[Collected data]
━━━━━━━━━━
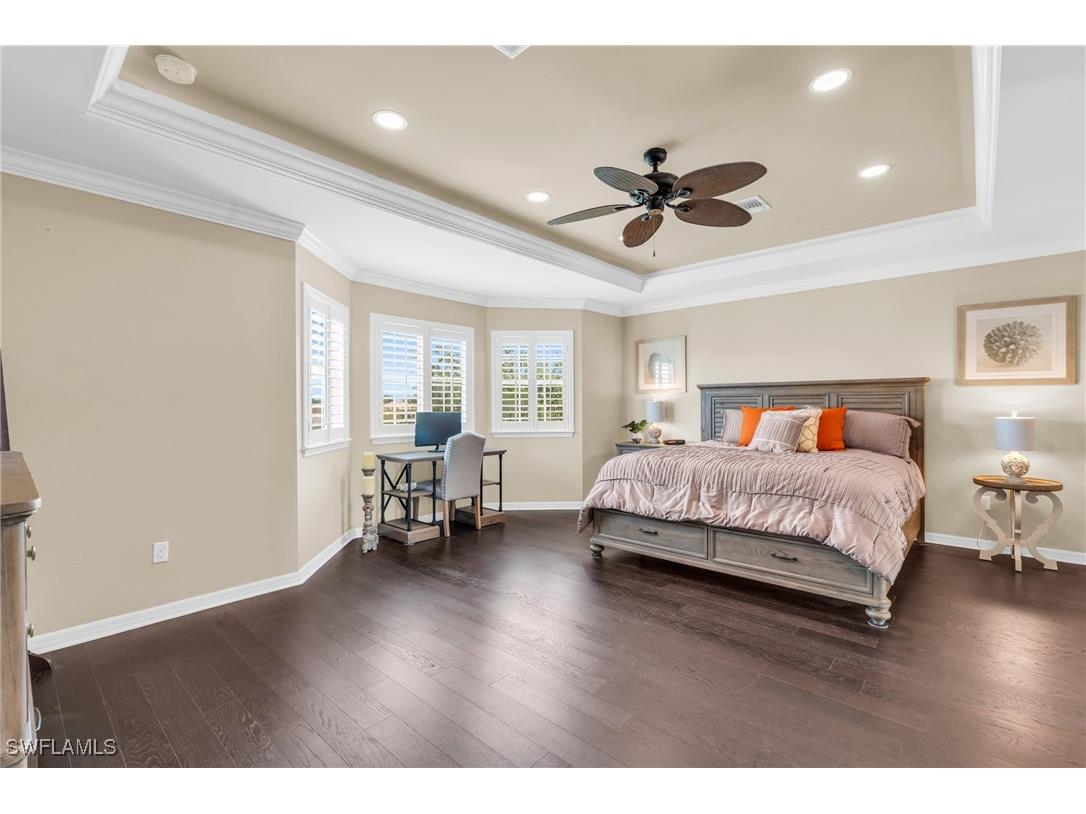 1517 Birdie Drive Naples FL 34120 226000513 image17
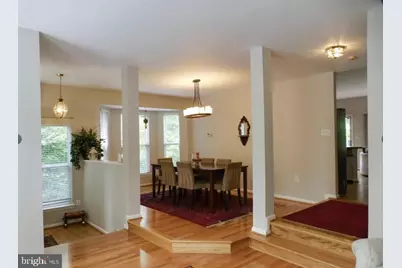13222 Goose Pond Lane, Fairfax, VA 22033 - Photo 3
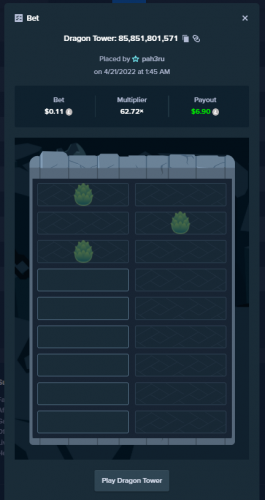 Screenshot 2022-04-21 014607.png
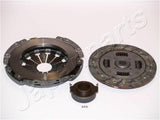 Japan Parts KF-460 — Clutch & Flywheel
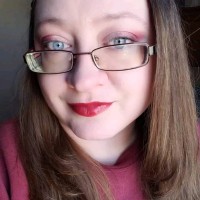 Jarrica Rainville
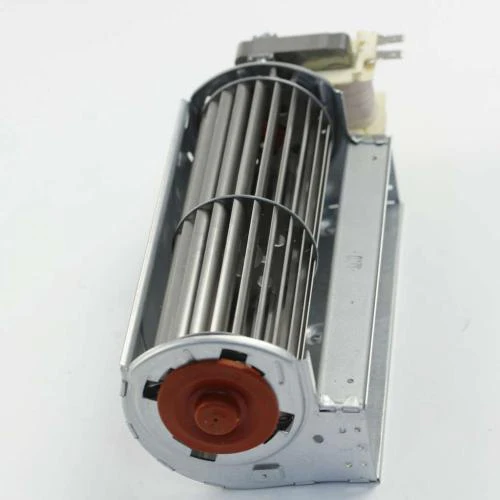 Beko 7732186204 Range Cooling Fan Ul
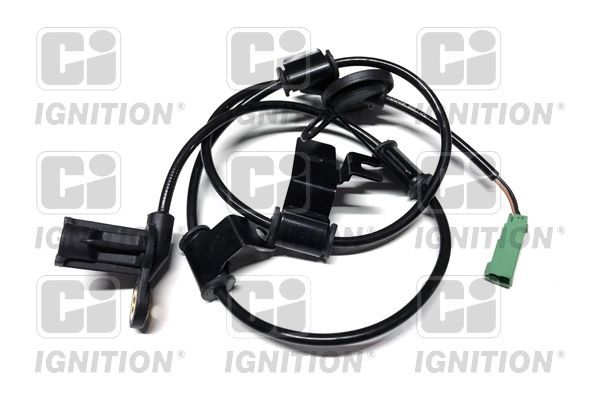 Jutiklis, rato greitis QUINTON HAZELL XABS971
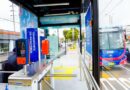 Quito avanza en la integración del Metro, Trolebús y Ecovía para viajes más ágiles y eficientes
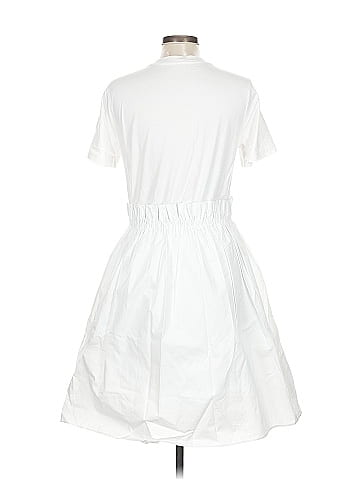 English Factory Casual Dress (view 2)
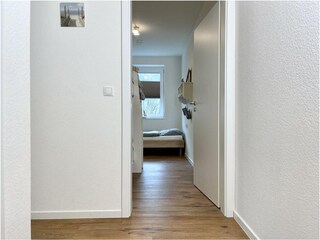 Ferienwohnung Sahlenburg  10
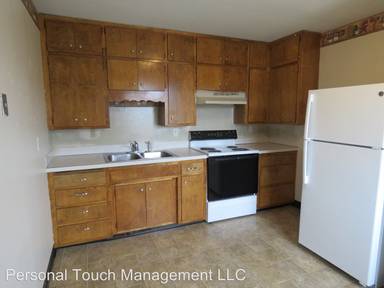 Main picture of 1822 14th St S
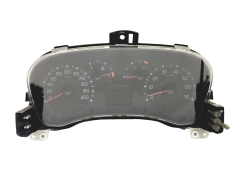 Tachometr Fiat Panda 51711238 503000480800 40178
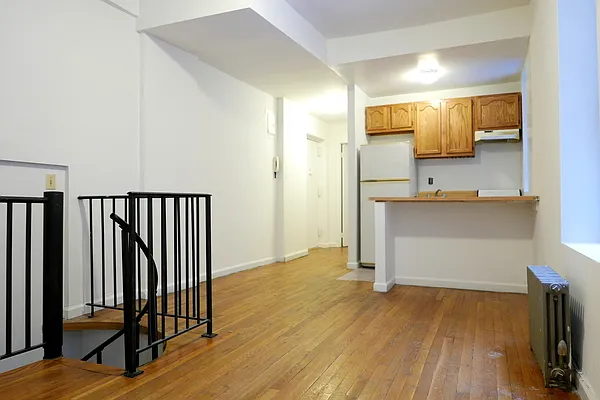 Rented by JK Dansar Corp | media 16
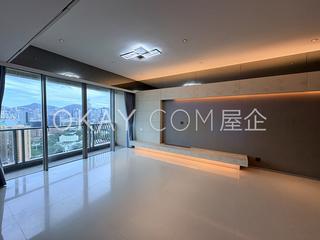 油麻地 - 君颐峰 02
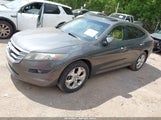 HONDA CROSSTOUR EX-L 5J6TF2H53CL011899 снимка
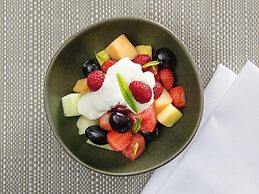 Novotel Newcastle Beach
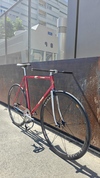 Samson NJS photo Samson NJS photo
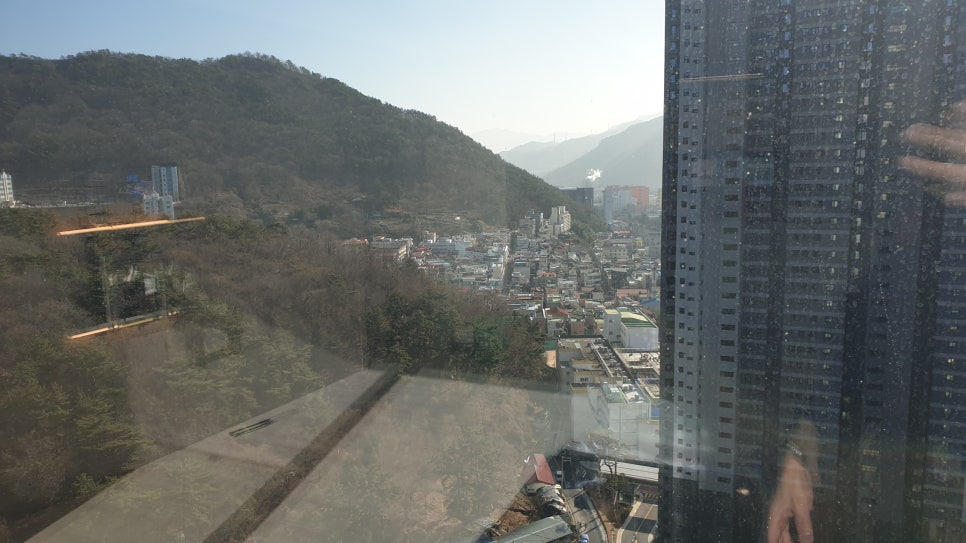 창원벽걸이티비 이미지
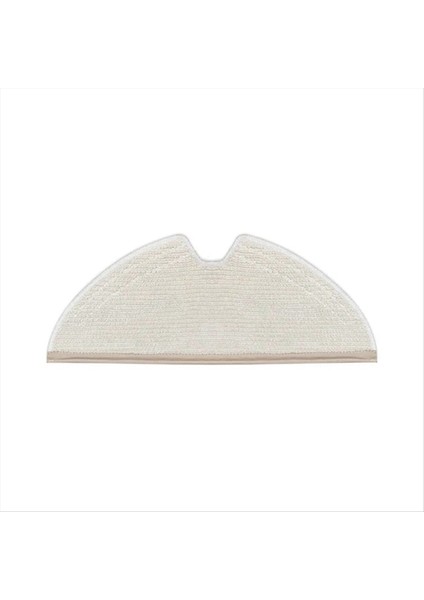 Roborock Q8 Için Max Q8 Max+ Q5 Pro Q5 Pro+ Yedek Parça Aksesuarları Paspas Bez Pedleri (Yurt Dışından) fiyatları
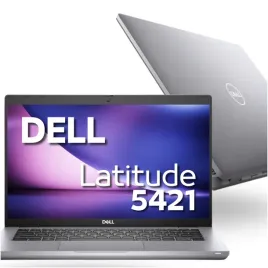 laptop-dell-latitude-5421-i5-11500h-fhd-14-qwerty-us-pl-32gb-ram-512gb-ssd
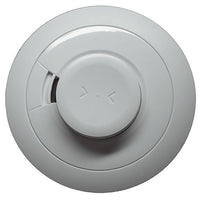 Alula RE114 Smoke Alarm, Interlogix Compatible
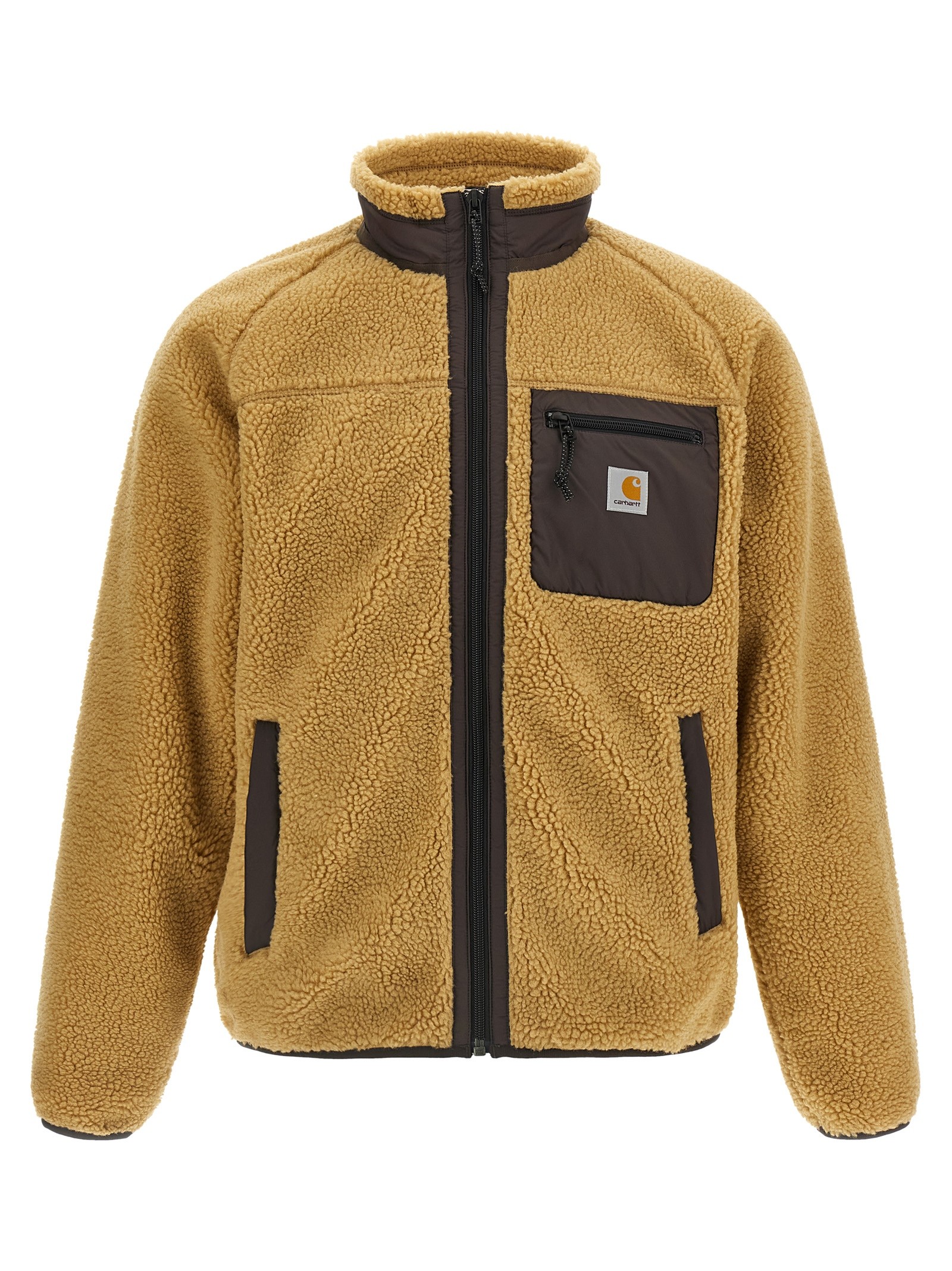 Carhartt Wip 'Prentis Liner' Jacket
━━━━━━━━━━
**WHAT THE EXERCISE ASKS:** An exact copy is needed of the lines running from the one with "창원벽걸이티비 이미지" through the end of the data above, and of those lines only, without pictures.

**RESULT FOR THIS TASK:**
 창원벽걸이티비 이미지
 Roborock Q8 Için Max Q8 Max+ Q5 Pro Q5 Pro+ Yedek Parça Aksesuarları Paspas Bez Pedleri (Yurt Dışından) fiyatları
 laptop-dell-latitude-5421-i5-11500h-fhd-14-qwerty-us-pl-32gb-ram-512gb-ssd
 Alula RE114 Smoke Alarm, Interlogix Compatible
 Carhartt Wip 'Prentis Liner' Jacket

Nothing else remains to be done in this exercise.